This image shows the 3 axis in relation to the body orientation of an aircraft. It illustrates why I made the distinction I did between 6-axis and 3-axis above. The first piece of this sensor, the accelerometer, measures the force of acceleration along the X, Y, and Z, axis. This can be seen as the linear motion. Commonly referred to as Forward, Backward, Up, Down, Left, and Right but their are obviously variations (port and starboard for example). The gyroscope provides the second piece to the puzzle which is the rotational force (torque) being applied to each axis. These are distinguished by their names Roll, Pitch, and Yaw as well as the use of the Greek symbols Phi, Omikron, and Psi respectively. Torque can be applied in a clockwise or counter-clockwise direction with relation to the axis it is being applied along. These two pieces of information allow us to calculate our current (and future) orientation with relation to the surface of the earth. This information also forms the most basic flight assistance platform called an Inertial Measurement Unit (IMU). The IMU by itself give us the ability to add stabilization assistance to flight modes. Collectively the angles along the X and Y and Z axis are called the Attitude.

HMC5883L

The Honeywell Magnetic Compass (HMC) allows us to calculate the compass heading of our flight system. Now, in addition to knowing the position with relation to the earth's surface, we can also calculate the exact direction an object is facing with regard to Magnetic North, once you account for the magnetic declination (http://www.magnetic-declination.com/) that is. Adding the Heading information to the Attitude information gives the system an absolute directional reference such as North, South, East, and West. The combination of the IMU with a magnetic compass allows for basic Autopilot. Autonomous flights, called "Missions", can be planned as a series of triplets (heading, speed, time).

BMP085

The BMP085 is the final major sensor on the GY-88 package. It is used to sense barometric pressure. You may remember from you elementary earth science days that the air gets 'thinner' the higher you are from sea level. At 0m, the standard barometric pressure is 101.325 kPa (760 mmHg). By taking the local atmospheric pressure, you can accurately calculate the altitude based on the difference in pressure. Luckily the BMP085 library does the heavy lifting when it comes to this calculation. For more accurate altitude calculation, you can enter the specific atmospheric pressure at sea level for your flight area. This will change a bit based off of weather conditions also so make sure to calibrate it correctly prior to each flight for the best results. 

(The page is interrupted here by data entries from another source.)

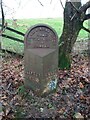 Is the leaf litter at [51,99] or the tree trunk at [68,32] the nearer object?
the leaf litter at [51,99]

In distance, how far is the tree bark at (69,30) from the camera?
6.70m

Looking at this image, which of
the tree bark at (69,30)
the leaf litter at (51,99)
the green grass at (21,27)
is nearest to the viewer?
the leaf litter at (51,99)

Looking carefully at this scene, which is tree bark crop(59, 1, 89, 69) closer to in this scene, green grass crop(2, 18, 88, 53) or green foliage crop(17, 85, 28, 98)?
green foliage crop(17, 85, 28, 98)

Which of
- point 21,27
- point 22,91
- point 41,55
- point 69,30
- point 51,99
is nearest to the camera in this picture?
point 41,55

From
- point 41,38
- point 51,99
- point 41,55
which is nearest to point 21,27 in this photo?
point 41,38

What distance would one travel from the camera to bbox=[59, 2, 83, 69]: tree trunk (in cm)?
672

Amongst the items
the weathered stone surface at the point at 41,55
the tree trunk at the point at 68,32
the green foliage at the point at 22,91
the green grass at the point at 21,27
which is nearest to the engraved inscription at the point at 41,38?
the weathered stone surface at the point at 41,55

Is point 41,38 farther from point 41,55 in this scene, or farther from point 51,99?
point 51,99

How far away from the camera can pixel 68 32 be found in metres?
6.82

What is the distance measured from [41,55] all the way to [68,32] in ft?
5.72

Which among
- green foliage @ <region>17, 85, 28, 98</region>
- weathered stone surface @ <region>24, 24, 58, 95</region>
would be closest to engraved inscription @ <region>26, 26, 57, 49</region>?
weathered stone surface @ <region>24, 24, 58, 95</region>

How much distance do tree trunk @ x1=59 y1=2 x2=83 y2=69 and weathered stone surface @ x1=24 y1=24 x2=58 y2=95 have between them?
4.39ft

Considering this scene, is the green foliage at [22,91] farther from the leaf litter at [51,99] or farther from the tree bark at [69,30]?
the tree bark at [69,30]

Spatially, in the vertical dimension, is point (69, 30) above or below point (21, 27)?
below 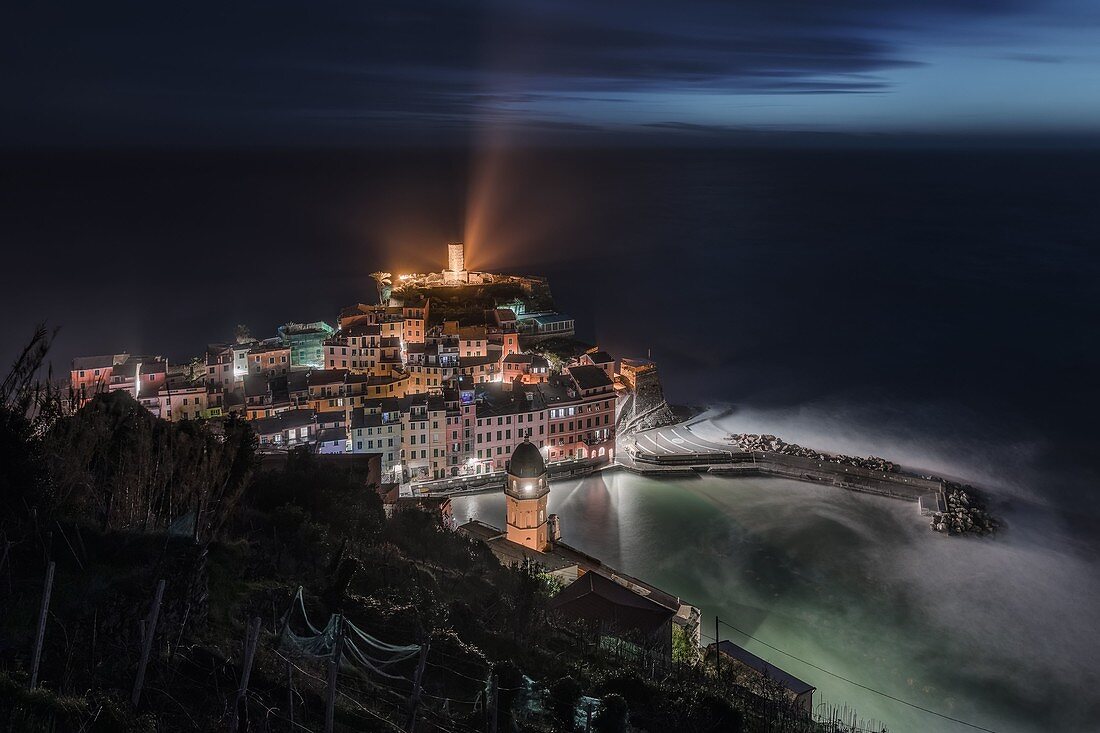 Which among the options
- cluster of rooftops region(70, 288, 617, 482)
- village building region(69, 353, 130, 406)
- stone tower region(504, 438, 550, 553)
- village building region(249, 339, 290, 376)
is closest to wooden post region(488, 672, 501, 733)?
stone tower region(504, 438, 550, 553)

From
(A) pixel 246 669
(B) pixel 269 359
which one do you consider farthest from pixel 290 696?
(B) pixel 269 359

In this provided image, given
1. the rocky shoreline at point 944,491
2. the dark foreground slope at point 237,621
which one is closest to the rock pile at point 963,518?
the rocky shoreline at point 944,491

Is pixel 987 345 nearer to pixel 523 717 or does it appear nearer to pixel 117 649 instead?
pixel 523 717

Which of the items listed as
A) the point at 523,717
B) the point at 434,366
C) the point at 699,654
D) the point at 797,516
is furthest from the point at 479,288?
the point at 523,717

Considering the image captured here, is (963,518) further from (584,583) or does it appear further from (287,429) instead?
(287,429)

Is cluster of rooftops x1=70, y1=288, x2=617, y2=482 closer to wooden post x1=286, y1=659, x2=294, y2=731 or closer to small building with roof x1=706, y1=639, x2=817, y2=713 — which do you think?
small building with roof x1=706, y1=639, x2=817, y2=713

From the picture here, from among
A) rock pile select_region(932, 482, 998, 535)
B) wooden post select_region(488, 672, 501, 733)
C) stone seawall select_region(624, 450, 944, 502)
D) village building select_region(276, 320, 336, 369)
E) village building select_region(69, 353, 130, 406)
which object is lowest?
wooden post select_region(488, 672, 501, 733)

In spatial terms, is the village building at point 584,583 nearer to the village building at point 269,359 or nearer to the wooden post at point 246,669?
the wooden post at point 246,669

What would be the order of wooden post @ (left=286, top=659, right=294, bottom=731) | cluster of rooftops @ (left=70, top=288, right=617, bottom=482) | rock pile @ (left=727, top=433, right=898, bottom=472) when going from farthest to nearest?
rock pile @ (left=727, top=433, right=898, bottom=472), cluster of rooftops @ (left=70, top=288, right=617, bottom=482), wooden post @ (left=286, top=659, right=294, bottom=731) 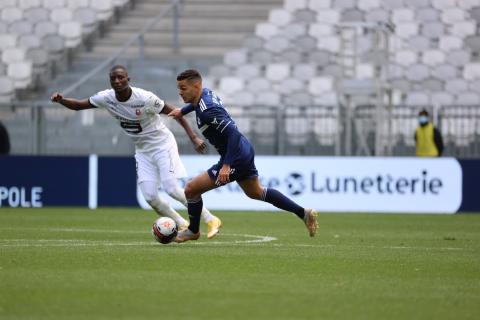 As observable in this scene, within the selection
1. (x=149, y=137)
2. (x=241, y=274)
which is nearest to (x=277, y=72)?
(x=149, y=137)

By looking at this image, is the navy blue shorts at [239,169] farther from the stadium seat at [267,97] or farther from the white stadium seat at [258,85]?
the white stadium seat at [258,85]

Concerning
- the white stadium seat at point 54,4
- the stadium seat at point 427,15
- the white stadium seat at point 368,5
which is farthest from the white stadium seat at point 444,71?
the white stadium seat at point 54,4

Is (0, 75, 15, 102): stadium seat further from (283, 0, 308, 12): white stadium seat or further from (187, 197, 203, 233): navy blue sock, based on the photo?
(187, 197, 203, 233): navy blue sock

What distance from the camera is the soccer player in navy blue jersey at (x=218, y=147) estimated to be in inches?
509

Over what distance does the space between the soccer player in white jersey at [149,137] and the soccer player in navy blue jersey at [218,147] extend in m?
0.74

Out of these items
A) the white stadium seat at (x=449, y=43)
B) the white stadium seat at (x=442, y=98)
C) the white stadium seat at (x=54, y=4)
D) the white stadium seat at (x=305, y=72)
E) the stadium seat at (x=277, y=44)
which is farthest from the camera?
the white stadium seat at (x=54, y=4)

I mentioned previously that the GY-88 package also sometimes exposes the temperature sensor on one or more of the components. Because this too can be used to make an educated guess about altitude I chose to lump it in with the BMP085. Before we get into numbers, it’s important to remember that temperature can vary for a number of different reasons: shade, sun, nearby buildings (or lack of them) can all influence the temperature so it shouldn't be relied on alone. These caveats aside, If there's no snow (or rain) falling from the sky (and you’re not in a cloud), the temperature will decrease by about 5.4°F for every 304.8 meters (1,000 feet) you raise the elevation. This equates to about 9.8°C per 1,000 meters. However, if it is snowing or raining (or you are in-fact in a cloud), the temperature decreases by about 3.3°F for every 304.8 meters (1,000 feet) you raise the elevation. Meaning a change of approximately 6°C per 1,0000 meters. For a more in depth discussion you can check out the posting here

The Hookup

The GY-88 is +5v tolerant. The sensors themselves run at +3.3v, though so the GY-88 in the picture also contains an onboard 3.3v regulator. You can bypass this regulator by not connecting to the 5v pin and instead power the package via the 3v3 pin. Make sure you apply the right voltage for the pin setup you select. The GY-88 is also a bit power hungry for such a small package. I recommend not powering it directly off an Arduino +5v (or +3v3 pin). Instead, power it directly off a regulated +5v or +3.3v source. The I2C pins (SCL, SDA) are used to communicate with the MPU6050. The M_DRDY should be hooked to a digital input pin. The pin will be pulled high from the sensor-side when there is HMC5883L data ready. The G_AD0 pin should be set as an analog input pin. This is where you will receive the MPU6050's Gyroscopic output. The G_INT pin should be hooked to a digital input pin. It will be pulled high by the sensor-side when the MPU6050 has Gyroscopic data available. This is only required if you plan to use interrupt-based programming to give the gyroscope precedence in code.

The System

AHRS position in data flow

Each of these sensors is popular in the maker community. So, each has a couple possible libraries. Each library will come with examples that can serve as a good coding outline. However, combining the sensors into an AHRS suitable for use in an autopilot takes a bit more work. First you have to understand the way decision making is made in-flight. This is famously known as the pilot's OODA loop. In order: the pilot needs to Observer the current state of their situation. They need to Orient themselves to the implications of changes they observe. They need to Decide the next action that needs to be taken. Finally, they need to Act upon their decision. This technique was developed by United States Air Force Colonel John Boyd. Everything in the design of an aircraft should serve to enhance the pilots ability to complete this OODA loop more efficiently. The AHRS fits into the Observe and Orient phases. 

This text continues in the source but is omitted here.